EXERCISE REQUIREMENTS
Retype exactly what runs from the first line of the data to the line with "The Google Pixel", keeping both of those lines and skipping pictures.

EXERCISE DATA
◇ ◇ ◇ ◇

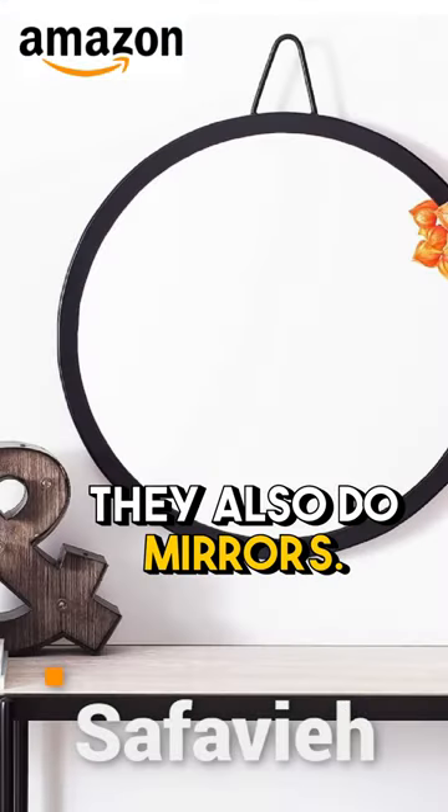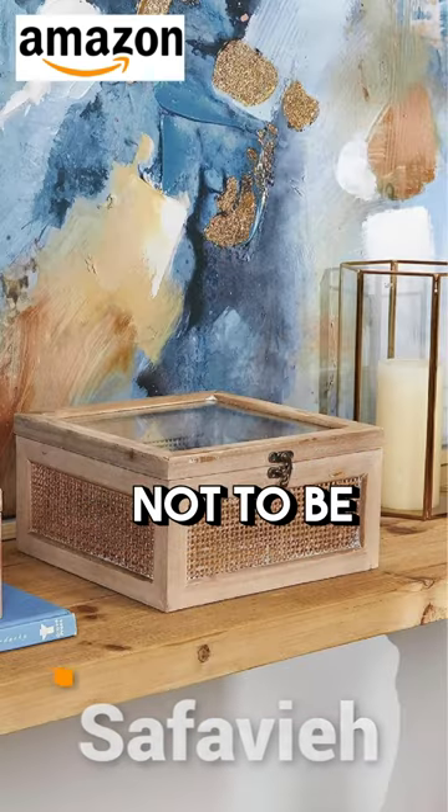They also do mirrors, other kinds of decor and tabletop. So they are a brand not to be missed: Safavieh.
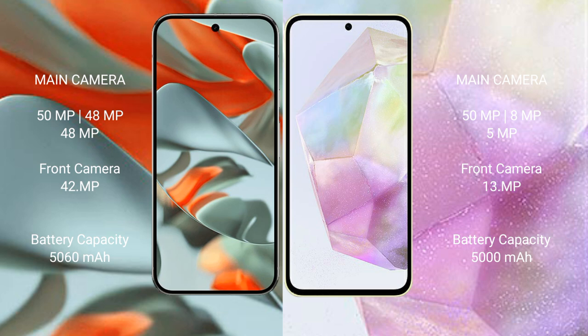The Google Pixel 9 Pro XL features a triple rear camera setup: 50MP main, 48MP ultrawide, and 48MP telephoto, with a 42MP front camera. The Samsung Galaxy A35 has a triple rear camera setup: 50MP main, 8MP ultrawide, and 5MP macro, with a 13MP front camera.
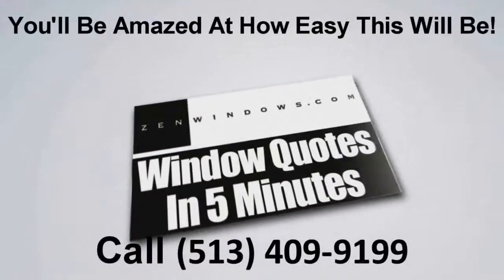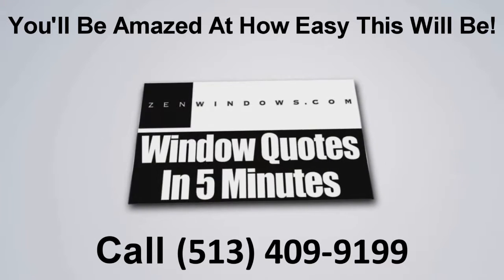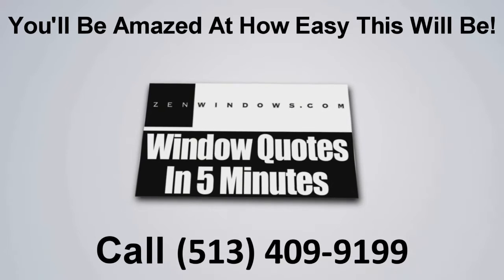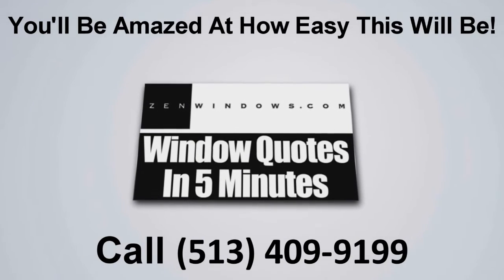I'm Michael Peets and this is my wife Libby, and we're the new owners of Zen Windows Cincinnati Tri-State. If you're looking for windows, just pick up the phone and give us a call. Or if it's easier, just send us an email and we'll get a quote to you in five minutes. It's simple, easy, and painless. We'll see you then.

◇ ◇ ◇ ◇

OUTPUT OF THE EXERCISE
They also do mirrors, other kinds of decor and tabletop. So they are a brand not to be missed: Safavieh.
The Google Pixel 9 Pro XL features a triple rear camera setup: 50MP main, 48MP ultrawide, and 48MP telephoto, with a 42MP front camera. The Samsung Galaxy A35 has a triple rear camera setup: 50MP main, 8MP ultrawide, and 5MP macro, with a 13MP front camera.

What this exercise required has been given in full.